The progression from trail to ATV trail to road can be pretty swift.

“We wind up with a road and with impacts that depend on the steepness and erosion,” Healy says. “Biologists said it is not a good thing for a number of species sensitive to amount of disturbance.”

ATV riders who are off-road can be fined $75 for a first offense, Healy says. Subsequent infractions can land the violator before a federal magistrate facing a $5,000 fine for a blatant infraction.

Chasing ghosts

Finding evidence of illegal off-road use is easy; catching people in the act is tougher. Since the start of the first hunting season last Saturday, he has yet to issue a ticket.

“I’ve chased a lot of ghosts,” Healy said. “I haven’t found anything yet but tracks.”

Colorado Division of Wildlife officers are in the field, too, and while they cannot ticket violators, they can stop them and take down information Healy can use to send a ticket after the fact.

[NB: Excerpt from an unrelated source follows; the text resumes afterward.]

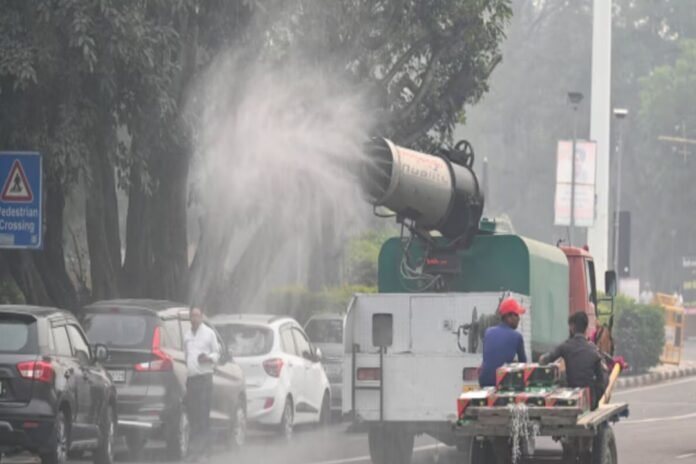 Delhi Air Quality: दिल्ली में सांस लेना हुआ मुश्किल, वैज्ञानिकों की चेतावनी ने डराया; 10 पॉइंट में समझें हालात...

It’s the speed with which the new roads are appearing that has raised a number of red flags for the Forest Service.

“It’s kind of exploding,” says Healy, who has been with the Forest Service in this area for 15 years. “It’s caught us off-guard.’

Wettstein says the problem may stem from the increased number of hunters taking to the field.

“As more and more people hunt, they feel the need to get farther and farther afield, so they get an ATV,” he says.

This year, as many as 400,000 deer and elk hunters will take to Colorado’s hills, according to state Division of Wildlife estimates.

Lots of use

A study conducted by Hazen and Sawyer Engineers and Scientists on the economic contribution of off-highway vehicle use for Colorado shows as many as 32,800 ATVs a year are used in Colorado by residents and non-residents. Dirt-bike numbers were estimated at 23,000, and four-wheel drive off-road vehicle numbers were estimated at 64,800.

That volume creates some issues, particularly with ATVs, which are smaller, lighter and can go nearly anywhere.

“The new technology and advertising and you see they’re blasting through stuff,” says Wendy Haskins, transportation planner for the White River forest. “We don’t have places we can handle that kind of use because of the environmental impacts.”

Haskins said it creates a dilemma for land managers.

“We want to provide different levels of trails so they can have fun,” she says. “A lot of hunters would prefer people stay on roads and trails so it doesn’t spoil the hunt.”

Haskins says a number of off-road clubs are actively helping public agencies police off-road vehicle use.

“It’s a cooperative-educational thing between government and the public,” she says.

The issue of off-road vehicles is not isolated to the Whiter River National Forest, either. It’s been a problem throughout the Rocky Mountain region, says Glenda Wilson, regional engineer for the Forest Service’s five-state Rocky Mountain region.

“Off-road vehicle use has been a problem for a number of years,” she says, adding that knowledge of backcountry impacts from use has been lost as the type of visitor to forests changes from rural resident to urban resident.

“If you’re raised in a city with asphalt and concrete, you have a different appreciation of how you treat nature so it will be the same on the second visit as it was on the first,” she says.

Successful management of the forest has resulted from a combination of a travel management plan, adequate signage and enforcement, and users who care enough to encourage responsible use by others.